I believe there has been an increasing trend in the medical world towards the view that doctors are interchangeable.  I realized this when I worked at LA County Hospital (1992-4) and USC’s University Hospital (1997-2001).  At USC I was one of two therapists employed by the Department of Family Medicine who saw students on the Health Sciences Campus.  Some of the physicians were mystified by our insistence that I see my clients and my colleague see hers.  We were not interchangeable.   They had apparently accepted that they were.  Now the implication is that they (and we) are unimportant and even a hindrance to good medical care (we make mistakes a computer would not).  We are trending towards becoming an expendable and expensive nuisance.

It is very true that modern Western medicine has developed some very effective ways of treating some problems.  Antibiotics, for example, have saved numerous lives, as have other pharmacological and procedural interventions.  Still, many things are difficult to impossible to diagnose, or when properly diagnosed have little in the way of treatment offerings.  The question is: how do we best improve this situation?

In a course given at the University of Philosophical Research in Los Angeles, Martin Rossman, MD stated that in his experience the majority of the things brought into a doctors office are not cured by the doctor, but by the body itself.  We have, he says, an incredible capacity for healing if we just support the process and get out of the way.
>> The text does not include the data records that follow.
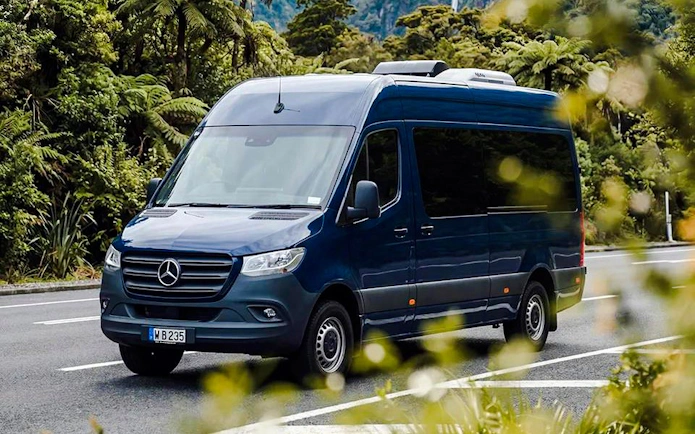 Tour van on scenic road to Milford Sound, surrounded by lush greenery.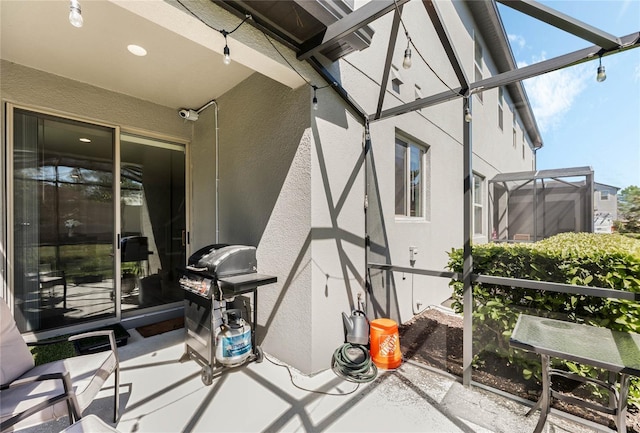 view of patio featuring a grill and a lanai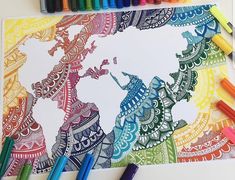 the world map is drawn with colored markers and crayons on top of it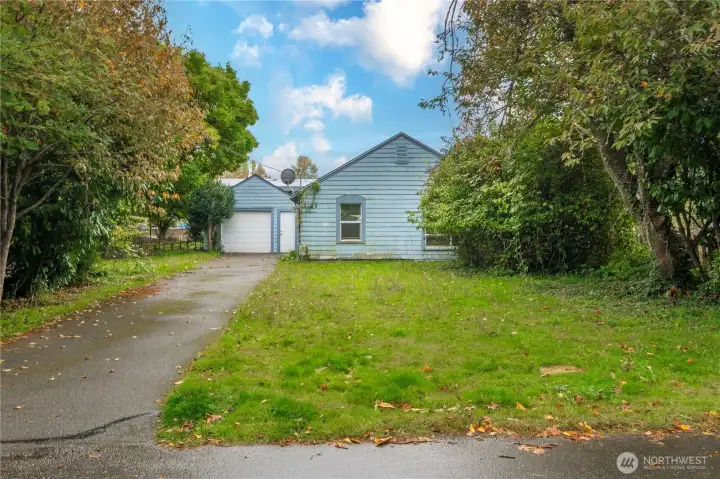 Set back home and detached garage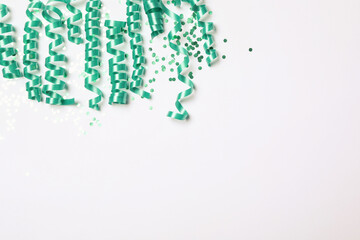 Turquoise serpentine streamers and confetti on white background, top view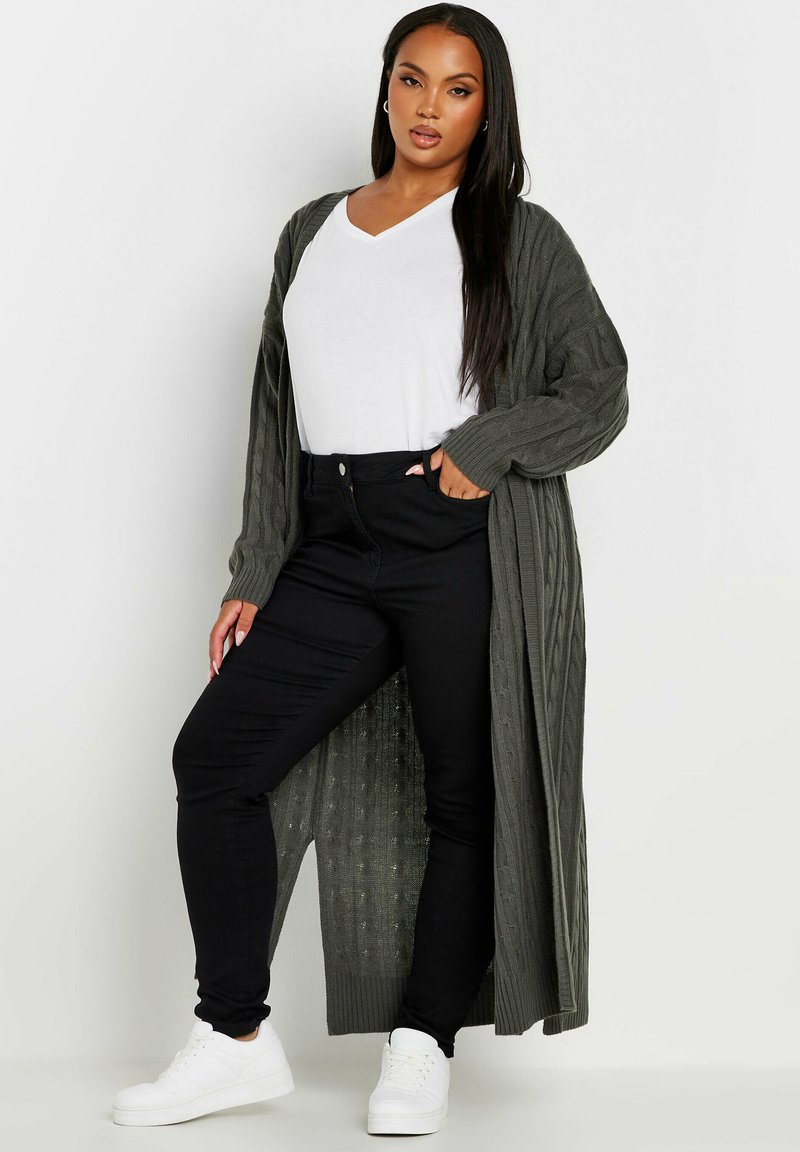 Lång, olivgrön stickad cardigan över en vit v-ringad tröja, kombinerad med svarta skinny jeans och vita sneakers, som visar upp ribbad struktur.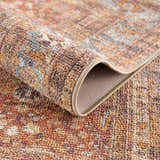 Close-up of the Anshu Peach Washable Area Rug showing its traditional vintage pattern, beige, blue, and burgundy colors. Fold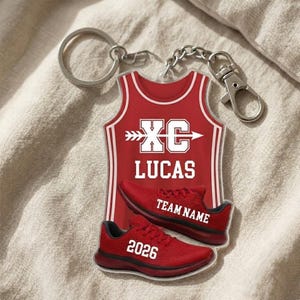 May include: A red acrylic keychain featuring a cross country jersey and running shoes. The jersey has "XC" and "LUCAS" in white. The shoes have "TEAM NAME" and "2026" in white. The keychain has a silver keyring and clasp.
This sentiment is echoed by numerous clinicians, among them Victoria Sweet, MD in her recent book God’s Hotel (2012, Riverhead Books).

Many others echo this view, that healing generally comes from within and takes time as well as good food, relaxation, and the caring help of others.  All those things Mom talked about.  I add to this that, in my view, the body is clearly so intricate and complex that we currently know next to nothing about how it all works and how everything interacts to stay in balance and to thrive.  Our methods, refined as we may like to think they are, are really crude and overly powerful.  We take one powerful medication to fix an ailment and soon are taking two or three to deal with the unwanted effects of the first one.  This happens partly because of the raw power (and toxicity) of the medication and partly because a chemical that acts in one way on a given group of cells will act in completely different ways on other cells and tissues.  We can not make the finely tuned delivery that is needed, nor would we know how to aim that delivery if we did.

Further than that, our bodies are not machines.  Replacement parts don’t work well, we all know that.  And how we respond to help, to rest, to good food and time depends on our connection to other people.  Do we trust the doctor?  Do we think she is doing the right thing?  Do we have the confidence in ourselves to believe that we can get better?  Watson probably won’t be a lot of help with those things.  The touch, the caring, the empathy doctors provide are important parts of healing and growth. A doctor’s intuition and what is learned from seeing, hearing and sensing a patient’s condition and mood count for a great deal.  In addition, a doctor’s ability to generate the belief that we can and will get well can move medical mountains.

Let’s keep Watson handy, but lets not let it take over.